Last week was a great week for wheat prices, even though no news had been the rule for most of the time since the first week of August. On Monday, the last trading day of September, USDA finally gave us something to look at.

There's more old-crop corn on hand on farms and in grain elevators than traders expected, according to observers of the USDA-NASS Quarterly Grain Stocks report. In published pre-report surveys, the average analyst guess for on-hand inventories of corn in the US was 688 million bushels. USDA came out with 824 million. Soybean counts also surprised many traders who had expected about 126 million bushels on hand, but USDA's number was 141 million. The immediate response of the market was to drop corn 13 cents and beans 38 cents per bushel.

The interesting thing was that wheat did not really partici- pate in the slide as it normally would. Chicago wheat was the weakest of the three major wheat prices, only down a nickel at the close, after rising early in the session to its highest point since June 24. The other two major wheat contracts, Kansas City (up 7) and Minneapolis (down 3), were also stronger than would ordinarily be expected in the light of lower corn and beans. Portland white wheat managed to stay just steady at about $7.14 per bushel through the whole episode.

The bears are running corn and soybeans, while the bulls seem to be taking charge of wheat. It is unusual for wheat to run so independently of the sister grains. The price difference between December corn and wheat futures contracts is running in the $2.40 per bushel range. Wheat is nearly always above corn, but "normal" is closer to $1.25.

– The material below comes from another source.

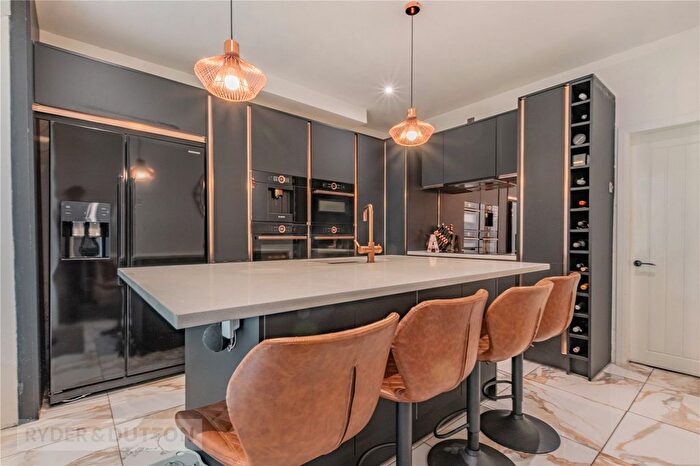 3 Bedroom Terraced House For Sale In Middleton Road, Chadderton, Oldham, OL9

Wheat contracts have been this far above corn only three brief periods in history: once in 1973/4 ($3.04 maximum), once in 2007/8 ($5.66 max) and again for a short time in the spring of 2010 (topped at $2.54). Eventually this relationship has always adjusted back to something closer to mid-range. Wheat may drop toward corn, corn may come up toward wheat, or both may move in the same direction with wheat falling more rapidly or rising more slowly than corn. Of course if they could choose, the wheat guys want to see corn come back up, but corn harvest is coming on now, so this will probably have to wait.

Meanwhile, wheat is seeing good export sales, a weaker US dollar, which makes US sources of wheat less expensive for foreign buyers, and a good chart formation with a defined new uptrend, now trading 50-60 cents above recent life-of- contract lows. The large speculative traders, holding a net 41,395 short-sold futures contracts at last report, are drawing comfort from the proximity of corn and soybean harvest. But if they decide to reverse out of their positions, that's a lot of buying power waiting in the wings.

This week's job is to observe corn and bean price behavior for additional weakness. Wheat needs to see at least a stable coarse grain market to hold onto or add to recent gains.

Information and opinions contained herein come from sources believed to be reliable, but are not guaranteed as to accuracy or completeness. The risk of loss in trading futures and/or options is substantial. Each investor must consider whether this is a suitable investment. When trading futures and/or options, it is possible to lose more than the full value of your account. All funds committed should be risk capital.